(Input data):
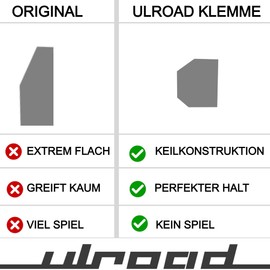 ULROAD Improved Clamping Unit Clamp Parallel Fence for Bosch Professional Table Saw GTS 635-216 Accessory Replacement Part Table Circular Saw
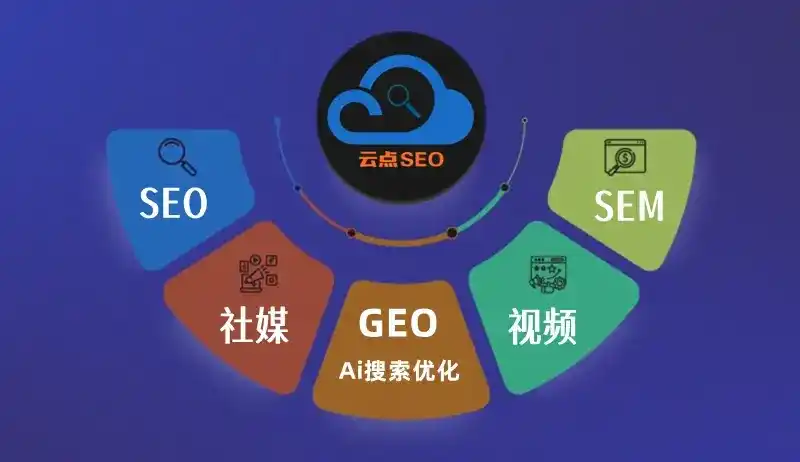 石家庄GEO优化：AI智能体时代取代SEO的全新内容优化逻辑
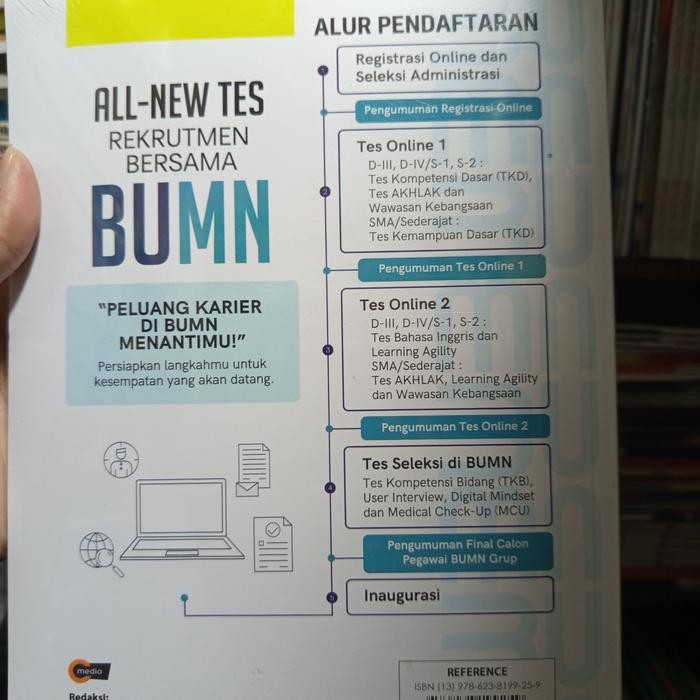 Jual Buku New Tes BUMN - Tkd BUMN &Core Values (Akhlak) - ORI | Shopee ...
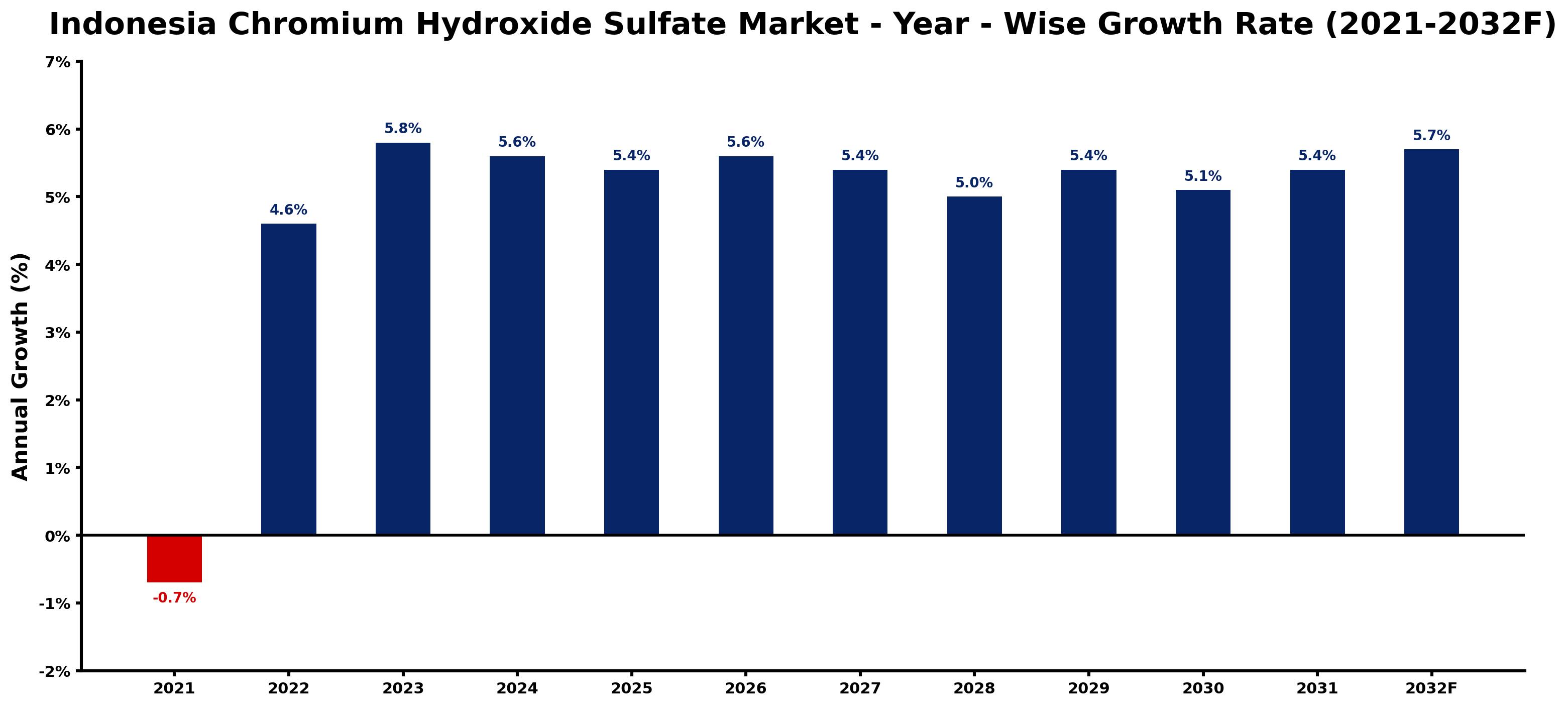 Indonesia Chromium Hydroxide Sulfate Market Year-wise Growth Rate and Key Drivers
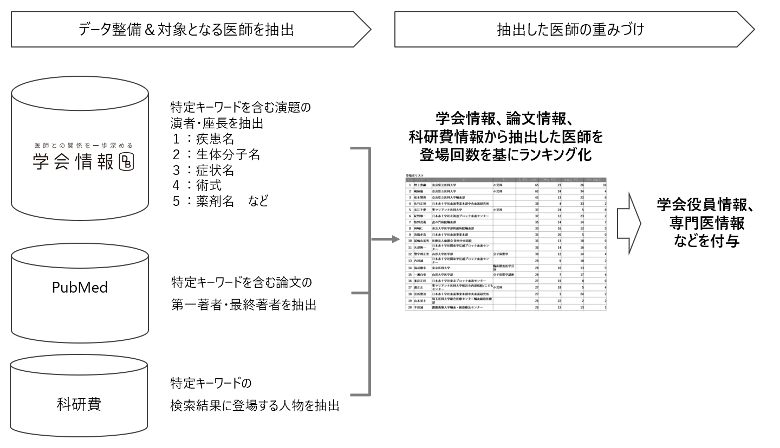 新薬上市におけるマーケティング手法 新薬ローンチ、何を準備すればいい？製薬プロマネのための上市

---

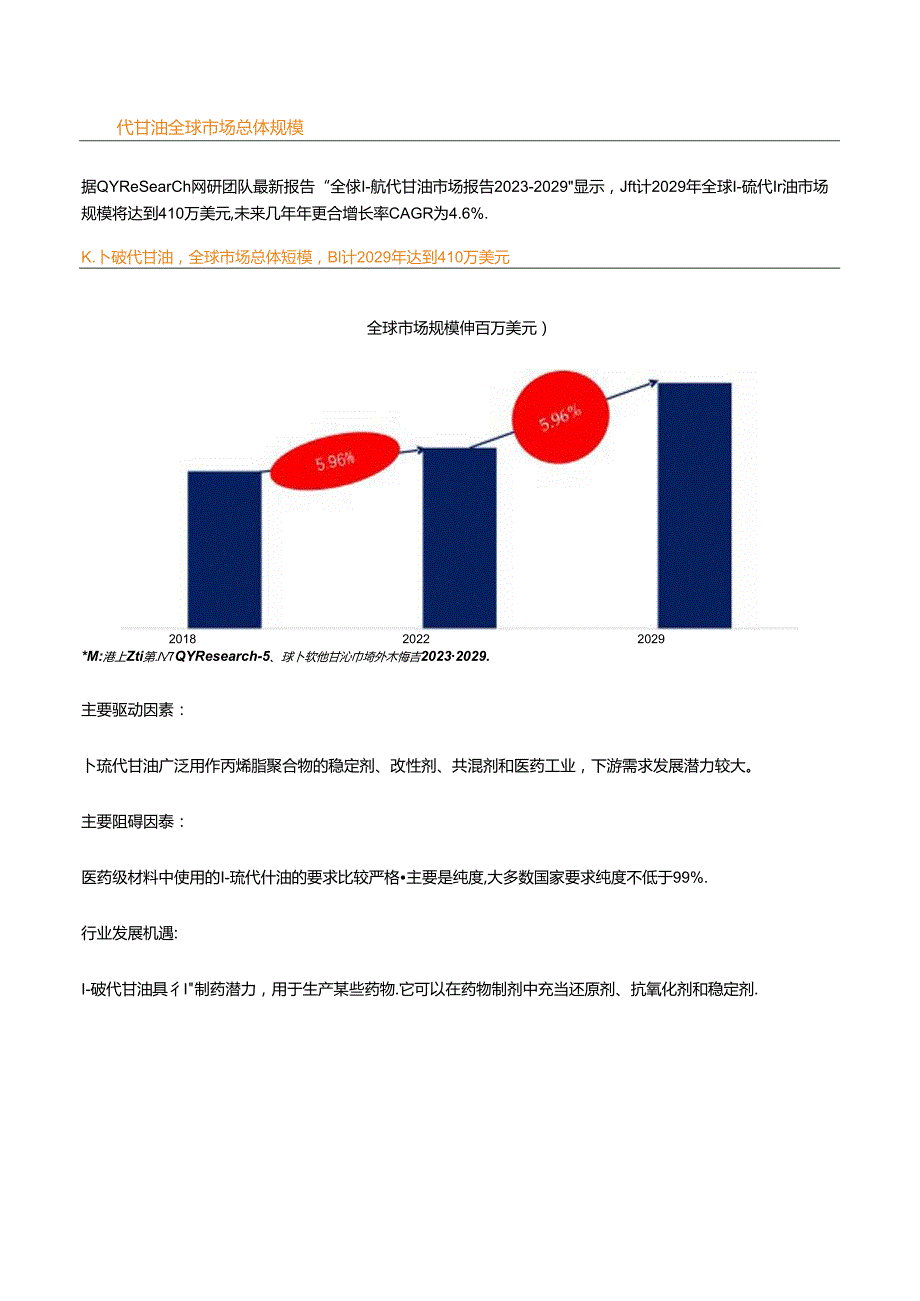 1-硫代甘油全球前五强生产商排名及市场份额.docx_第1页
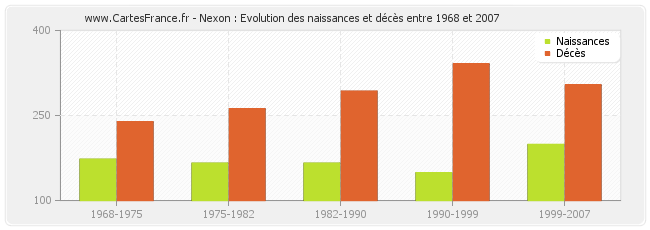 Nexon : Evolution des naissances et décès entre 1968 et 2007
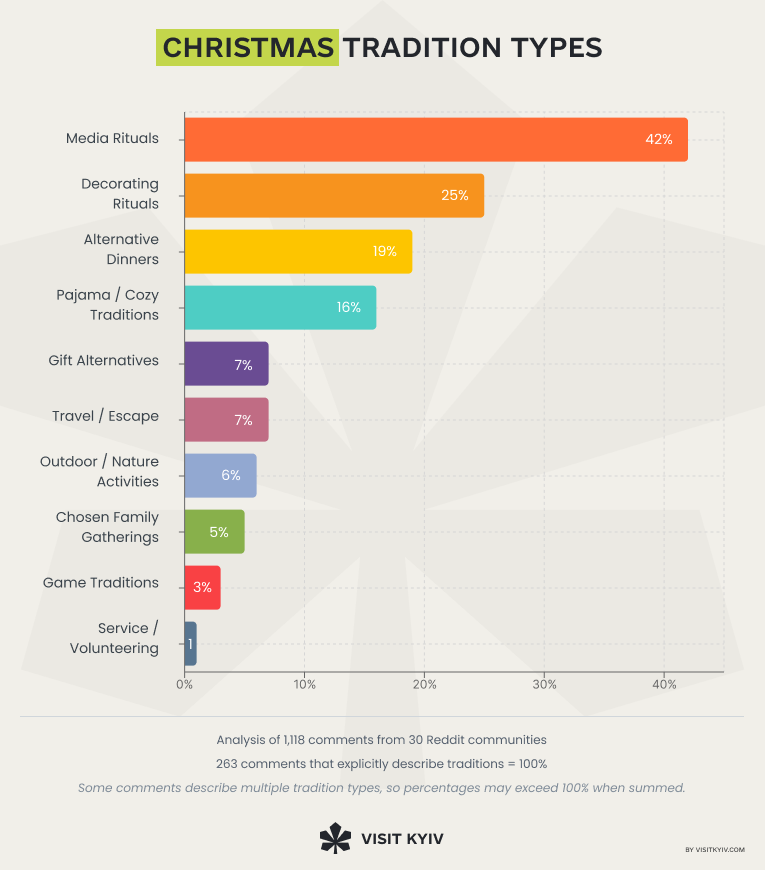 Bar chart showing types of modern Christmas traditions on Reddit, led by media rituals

(Goal of the exercise):
Nothing except the lines from the one containing "Jual Buku New" through the one containing "新薬上市におけるマーケティン" should appear in the answer, exactly as above and without pictures.

(Answer section):
 Jual Buku New Tes BUMN - Tkd BUMN &Core Values (Akhlak) - ORI | Shopee ...
 Indonesia Chromium Hydroxide Sulfate Market Year-wise Growth Rate and Key Drivers
 新薬上市におけるマーケティング手法 新薬ローンチ、何を準備すればいい？製薬プロマネのための上市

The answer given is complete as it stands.